Library Receives Rare Vanity Fair Prints Of Victorian Personalities
March
20, 2002-- A retired University of Virginia
literature scholar has donated to the U.Va. Library nearly 900 rare
caricatures of important figures from Victorian and Edwardian England.
The
prints were given by professor emeritus Cecil Lang, a leading 19th
century literature expert, to the Albert and Shirley Small Special
Collections Library, and originally appeared in the legendary British
"smart set" magazine, Vanity Fair.
The
urbane and trend-setting London weekly captured the interest and
imagination of subscribers from 1868 to 1914 with its political,
economic and society news, enhanced by chromolithographic caricatures
of eminent personalities of the times. One of the most successful
of the vast numbers of periodicals in 19th century England,
Vanity Fair has been likened to a combination of todays Harpers
Bazaar, Town and Country and The New Yorker.
"While
the prints are quite amusing and entertaining in themselves, more
importantly they are a valuable collection and important resource
with obvious research potential in Victorian and Edwardian literature
and history, fine arts and the history of printing," said Kathryn
N. Morgan, associate director of the Special Collections Library.
University
Librarian Karin Wittenborg added: "The Vanity Fair prints
are a significant addition to our rare materials on Victorian literature
and history.
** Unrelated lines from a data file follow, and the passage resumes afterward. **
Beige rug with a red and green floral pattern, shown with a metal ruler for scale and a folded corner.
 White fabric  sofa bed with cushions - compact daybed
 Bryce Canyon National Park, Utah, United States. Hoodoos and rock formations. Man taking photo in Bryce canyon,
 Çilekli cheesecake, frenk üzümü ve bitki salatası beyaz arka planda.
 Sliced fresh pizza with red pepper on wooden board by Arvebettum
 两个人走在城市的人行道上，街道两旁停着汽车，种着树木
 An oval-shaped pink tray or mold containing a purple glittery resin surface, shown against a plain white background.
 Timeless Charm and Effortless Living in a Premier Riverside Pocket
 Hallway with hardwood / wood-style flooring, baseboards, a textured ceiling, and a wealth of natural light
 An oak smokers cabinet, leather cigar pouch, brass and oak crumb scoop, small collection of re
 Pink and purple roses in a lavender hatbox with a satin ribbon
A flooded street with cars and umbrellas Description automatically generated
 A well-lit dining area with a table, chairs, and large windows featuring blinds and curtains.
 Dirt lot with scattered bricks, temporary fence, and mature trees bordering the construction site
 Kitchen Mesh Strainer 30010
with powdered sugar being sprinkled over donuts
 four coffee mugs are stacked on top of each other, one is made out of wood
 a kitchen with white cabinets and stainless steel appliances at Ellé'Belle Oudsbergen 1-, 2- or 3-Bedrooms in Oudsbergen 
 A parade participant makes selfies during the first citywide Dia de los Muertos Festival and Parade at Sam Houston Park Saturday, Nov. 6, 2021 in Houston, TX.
Mr. Lang is renowned as a scholar of that period and
it is a particular honor to receive this gift from him."
Lang,
a U.Va. professor of English from 1967 to 1991 who lives in Charlottesville,
collected the prints as a reference resource of notable Victorians
while he was editing the letters of the British writer Matthew Arnold.
Each
Vanity Fair issue featured a cartoon, or caricature, depicting
a prominent person of lasting -- or fleeting -- fame during the
golden age of the British Empire. Vanity Fairs founding editor,
Thomas Gibson Bowles, referred to the illustrations as "the
unheroic representation of heroes." More than 2,000 of these
caricatures appeared of subjects that included artists, athletes,
royalty, statesmen, scientists, authors, actors, soldiers and scholars.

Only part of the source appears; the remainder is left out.